In a typical backtest project, up to 80% of the time is spent in designing and building the backtest database to be used. The actual backtest runs are simple endeavors if the up-front work is done well.

While everyone has different variables that are important to them and different buy and sell criteria, similar conventions run common through most all backtest databases. The following discussion certainly does not exhaust the list, but touches on a range of the more common conventions.

Work within a custom database. Zacks ZBT_PRI.DBS contains many of the data items in which a user is interested and is a good universe of stocks with which to begin. However, most often, there are custom items that the user will want to create. We discourage the practice of writing custom items to the end of a production database. The custom database can contain the items and time series specific to the user's individual needs.
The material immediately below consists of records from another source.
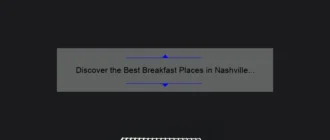 Discover the Best Breakfast Places in Nashville for a Memorable Morning Meal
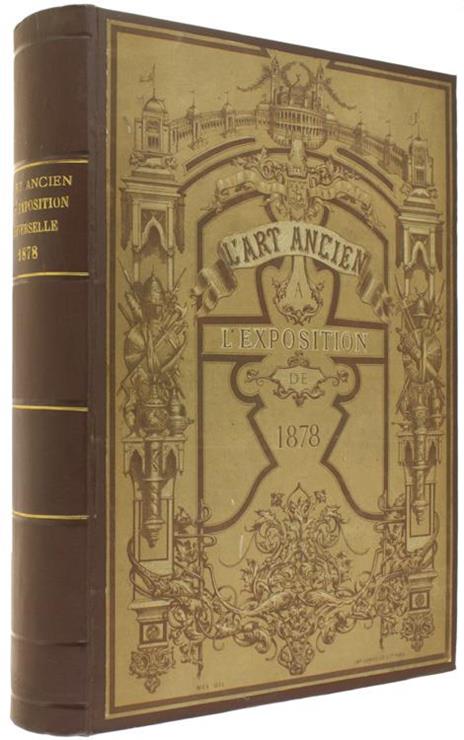 L' Art Ancien a l'Exposition de 1878 - copertina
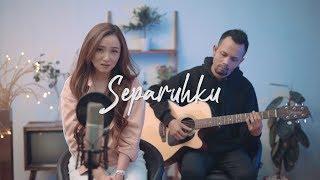 SEPARUHKU - NANO | OST. CINTA SUCI ( Ipank Yuniar & Meisita Lomania Akustik Cover )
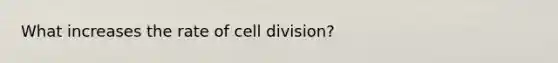 What increases the rate of cell division?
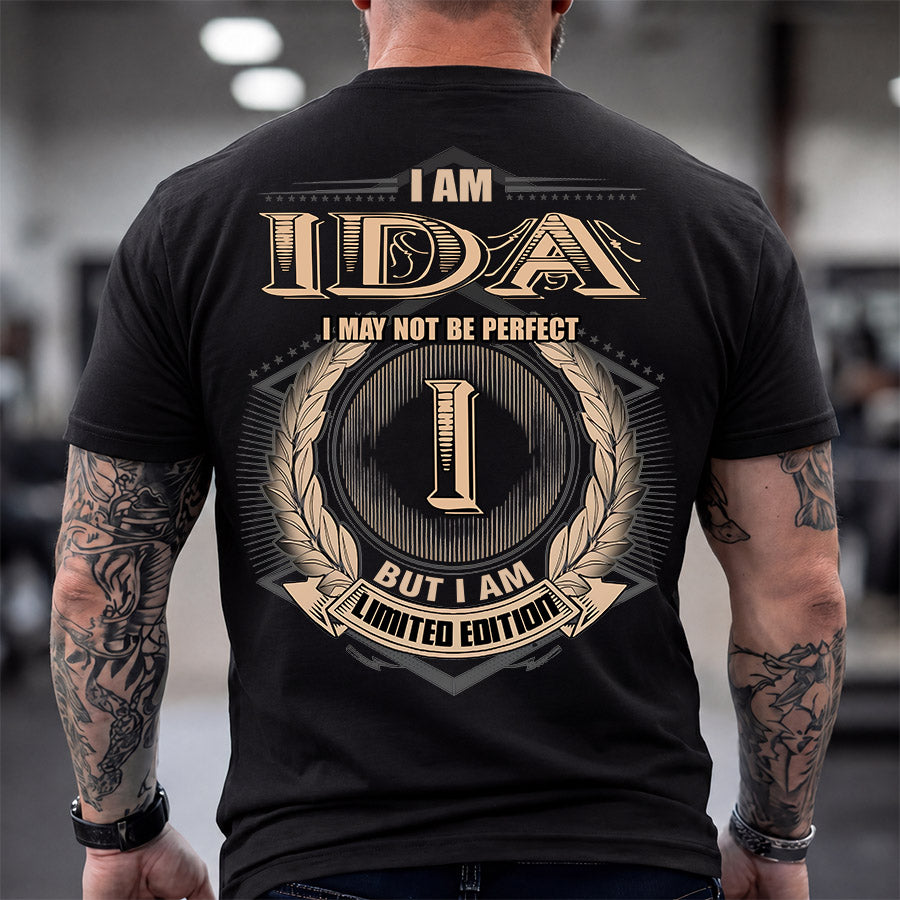 IDA 2K-101–Personalized Name Quote Apparel “I Am NAME May Not Be Perfect But I Am Limited Edition”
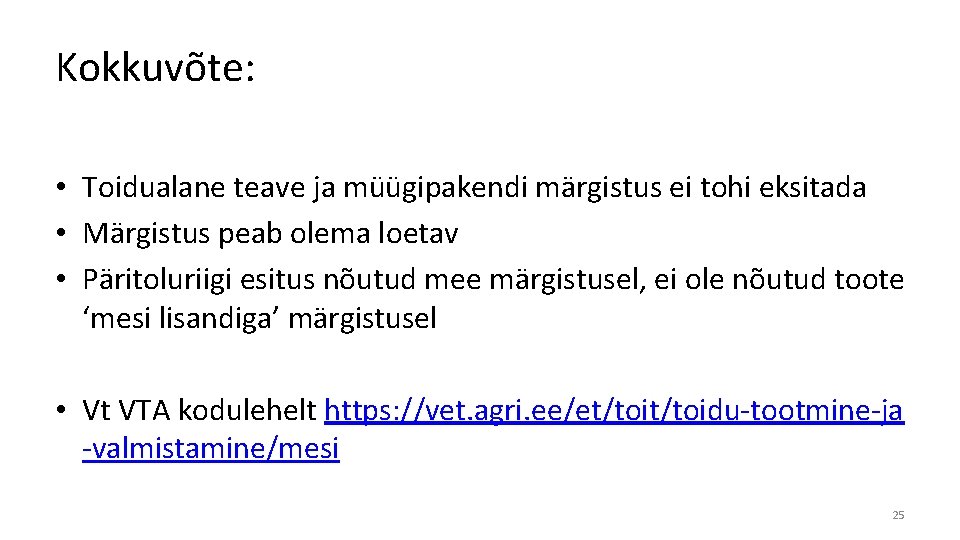 Kokkuvõte: • Toidualane teave ja müügipakendi märgistus ei tohi eksitada • Märgistus peab olema Kokkuvõte: • Toidualane teave ja müügipakendi märgistus ei tohi eksitada • Märgistus peab olema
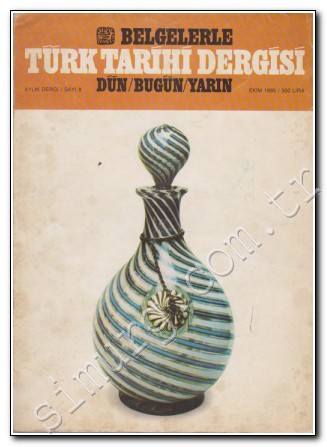Belgelerle Türk Tarihi Dergisi: Dün / Bugün / Yarın Aylık Dergi Sayı: 8, Ekim 1985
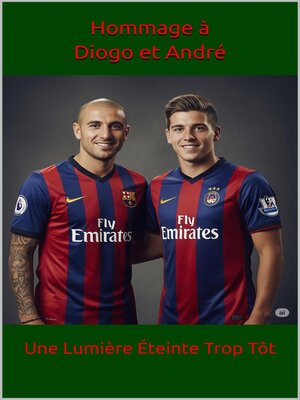 cover image of Hommage à Diogo et André  Une Lumière Éteinte Trop Tôt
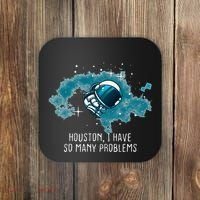 Houston I Have So Many Problems Coaster thumb 0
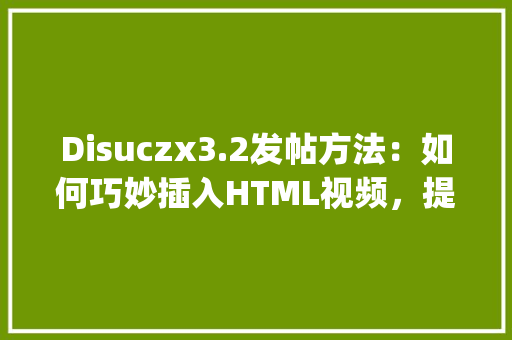 Disuczx3.2发帖方法：如何巧妙插入HTML视频，提升帖子互动性_disuczx3.2发帖如何插入html视频 HTML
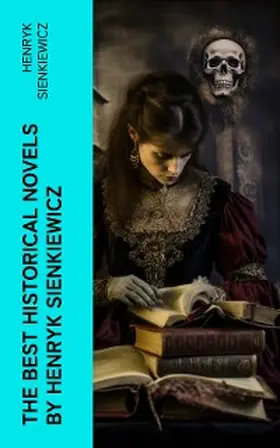 Sienkiewicz |  The Best Historical Novels by Henryk Sienkiewicz | eBook | Sack Fachmedien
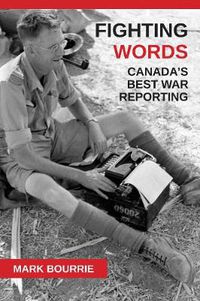 Cover image for Fighting Words: Canada's Best War Reporting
Start with a large, inclusive universe. For a backtest to be run without survivor bias, the database must include research companies. In ZBT_PRI, of the 6800+ available companies, roughly 1/3 of the universe is made up of research companies. Often a user will have initial screening criteria; for example, market capitalization or S&P500 membership. The universe needs to be large enough to allow the selection of a representative sample of those companies that would have passed the screening criteria at any point in time. The universe must also include the benchmark that is to be used.

Include key data items. Include cusips. Cusips can be extremely useful if data is being brought into the custom database from an outside source. Because tickers may be reused, linkage can become a problem that cusips can help to overcome.

Holding period returns, prices, shares outstanding and dividends are critical. Obviously, holding period returns are necessary in a backtest database in order to measure performance. ZBT_PRI stores monthly HPRs. Frequency of items needs to match the test. Weekly HPR for weekly backtest, monthly Market Cap for monthly test, etc.

Consider an appropriate time series and frequency of data items. While seemingly simple, lots of headaches occur around these areas. We'll address the issue of time series first. Enough data must be included in the database to cover the length of the test. Obvious, right? Remember, however, that if a user is calculating a 5 year moving average of anything and the test is a 10 year backtest, the user needs AT LEAST 15 years of underlying data that will be transformed to actually provide 10 years of 5 year moving average data. There is also the consideration of lagging data in order to avoid look ahead bias.. It is appropriate to lag many kinds of data for 1 quarter, 1 or 2 months, and so on. Earnings for 12/31/99, while stored in the 12/31/99-time slot are not truly known on that date. More realistically, they may not have been reported until late January or February 2000. The data needs to be lagged in these cases to provide accurate backtesting results. Take that one step further. If underlying data needs to be calculated and lagged, it too needs to have more periods available than just what it takes to cover the test period.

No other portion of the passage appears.